Sunday, August 12, 2007

What's so great about credit?

I am currently reading Dave Ramsey's book The Total Money Makeover, and in an introductory section dispelling myths about debt, he really struck a chord with me. The discussion is in regards to the myth that having a credit card is necessary for building credit. Dave has this to say:

The best myth is the "build your credit" myth. Bankers, car dealers, and unknowledgeable mortage lenders have told America for years to "build your credit." This myth means we have to get debt so we can get more debt because debt is how we get stuff.
He continues to say that the one thing that may be worthy of having good credit for is getting a good mortgage. However, he says that with a properly underwritten mortgage, you can get credit based on factors like: Rental history, length of employment, a considerable down-payment, HAVING NO CREDIT AT ALL, or taking out a loan that is not too outlandish in size.

If only I could go back in time. How I would love to be a non-existent entity in the all-seeing eyes of the pigdog bureaus! Sure, the Social Security Administration would still know who I was, but reading that passage makes me hope some day to be dead in the eyes of the likes of Experian, TransUnion, and Equifax.

I don't think I could ever be wiped from those databases, knowing how they are, but the idea of having a dusty and cob-webbed record is extremely appealing to me.

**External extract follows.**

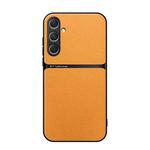 For Samsung Galaxy S24 5G Litchi Leather Magnetic Full Coverage Shockproof Phone Case(Yellow)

As the hours have passed since reading that passage I am growing into the passionate and firm belief that credit in any form is bad. I don't care what my FICO score is. I no longer believe that it is a status symbol or sign of adulthood. Financial status is owning (with no measurable percent of it belonging to the bank) every item in your home or apartment, no matter how spartan it may appear. Financial status is walking up to a car dealership and driving away in something you will never make a payment on. A high FICO score is just a mark on the pier showing how much deeper in the red waters you can get.

In these passionate moments I feel as though I'd rather walk, starve, and shiver than swipe a credit card again.

A revisited plan:

1. Build up a $1000 emergency savings fund.

2. Get health insurance.

3. Have my smallest debt settled before October.

4. Reduce the amount I drive and spend money on dining out by 80%.

I'll leave it at the short-term for now. I'm sure there will be more revisions by the time I finish Dave's book. In the meantime, I wear the headband and tighten the belt.

Wednesday, August 1, 2007

Here's a real one.

I find it's very difficult to wrangle the thoughts, ideas, and emotions that I've been having concerning my situation, and the situation of the country as well. On the small scale, I cannot stand to be in debt any longer. I vehemently loathe owing money. I have decided to wage pseudo-militant guerrilla warfare on my financial standing, and my debt is the ace of spades. I am inspired by Dave Ramsey's seven baby steps. Here's the overview of my plan:

Phase one: DECLARE WAR - Reduce the need for debt. Right. Now.
*Cut expenses by ridiculously strict amounts. Easier said than done, but the idea is to do it only for a short period. My goal is a month, however I will consider it successful at 3 weeks. I mainly intend on cutting dining spending by 80%.
*Increase the income. Sell what I can (Those Nikes, Marquee letters, old VHS tapes, old game systems). Save what recycling I can. Save coins and wrap them. Make myself available to work more hours at my second job. Find odd jobs (i.e. Helping my coworker's mother in law pay her bills for $15 an hour). Call friends that owe me money and tell them to pay up. Do. Anything.
*Meet minimum payments to my creditors, plus $10.
*Save $1,000.

Phase two: RALLY THE TROOPS
*Inform family and friends. I'm proud of the cause, and I know they will support it and possibly join as well.
*Lock in to a budget. Delegate every penny of income to a destination envelope and do not deviate (switch to envelope system?)

Phase three: START SHOOTING
*Pay off smallest debts first.
*As smaller debts are paid off, combine thier payments to the payments on remaining debts. Continue until you have the Pigdog's head on a pole.

Phase four: REBUILD
* Stay locked into budget for one month and put all moneys that *were* being paid to creditors into savings.

Phase five: PREVENT RETALIATORY COUPS
*Destroy all new applications. NEVER open the envelope.